**REQUIRED ACTION**
A line below contains "She is getting", and a later one contains "If you need to fix the bike, you". Repeat both, with every line between them, exactly.

**GIVEN INFORMATION**
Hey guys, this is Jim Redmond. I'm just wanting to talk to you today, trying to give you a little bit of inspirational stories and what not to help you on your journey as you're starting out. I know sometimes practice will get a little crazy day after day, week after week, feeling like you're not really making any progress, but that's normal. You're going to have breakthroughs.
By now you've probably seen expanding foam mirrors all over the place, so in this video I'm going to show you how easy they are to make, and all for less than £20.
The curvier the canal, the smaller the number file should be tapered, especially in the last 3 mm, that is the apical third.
--
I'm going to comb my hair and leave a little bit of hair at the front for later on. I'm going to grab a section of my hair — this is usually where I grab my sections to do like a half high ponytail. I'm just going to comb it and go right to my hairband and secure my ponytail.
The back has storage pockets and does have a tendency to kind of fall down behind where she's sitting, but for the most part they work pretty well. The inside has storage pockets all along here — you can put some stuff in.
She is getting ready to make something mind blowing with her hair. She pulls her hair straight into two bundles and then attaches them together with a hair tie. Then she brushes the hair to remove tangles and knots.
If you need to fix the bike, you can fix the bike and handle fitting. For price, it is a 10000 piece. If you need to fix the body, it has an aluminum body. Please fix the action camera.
...
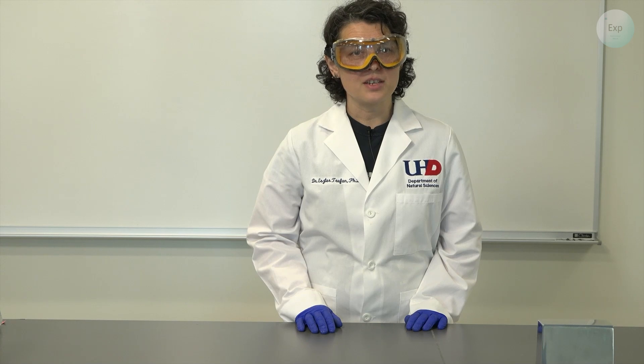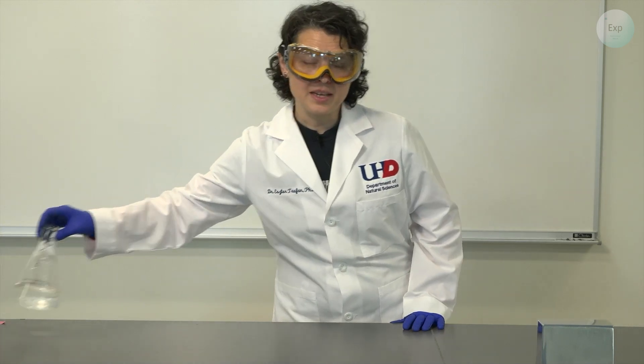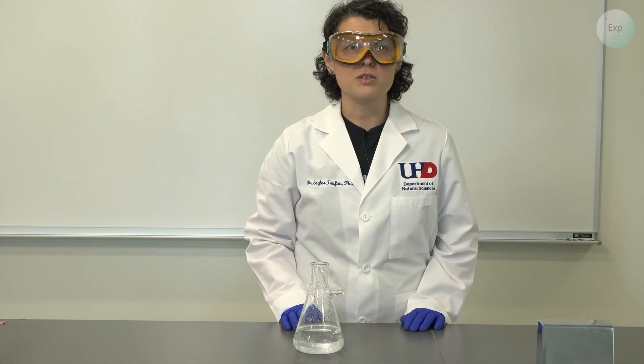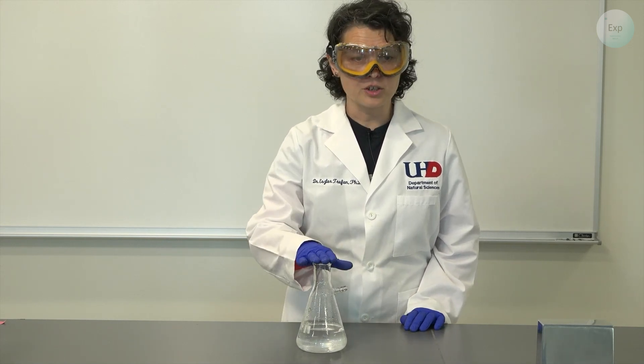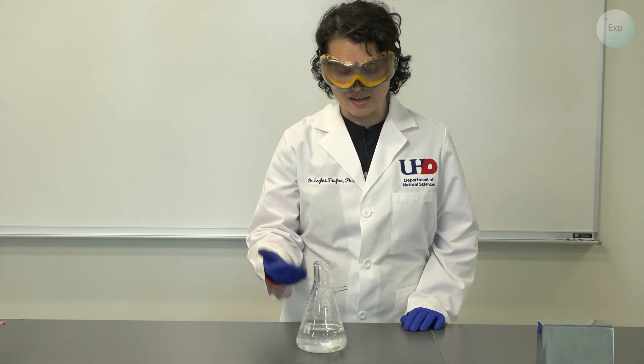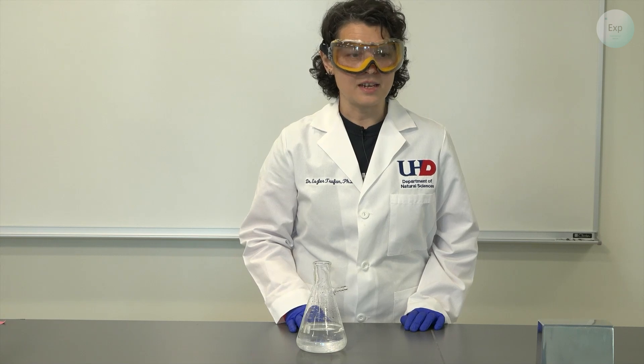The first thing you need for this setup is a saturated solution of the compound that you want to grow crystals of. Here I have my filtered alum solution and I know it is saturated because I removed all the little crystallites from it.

**RESULT OF THE EXERCISE**
She is getting ready to make something mind blowing with her hair. She pulls her hair straight into two bundles and then attaches them together with a hair tie. Then she brushes the hair to remove tangles and knots.
If you need to fix the bike, you can fix the bike and handle fitting. For price, it is a 10000 piece. If you need to fix the body, it has an aluminum body. Please fix the action camera.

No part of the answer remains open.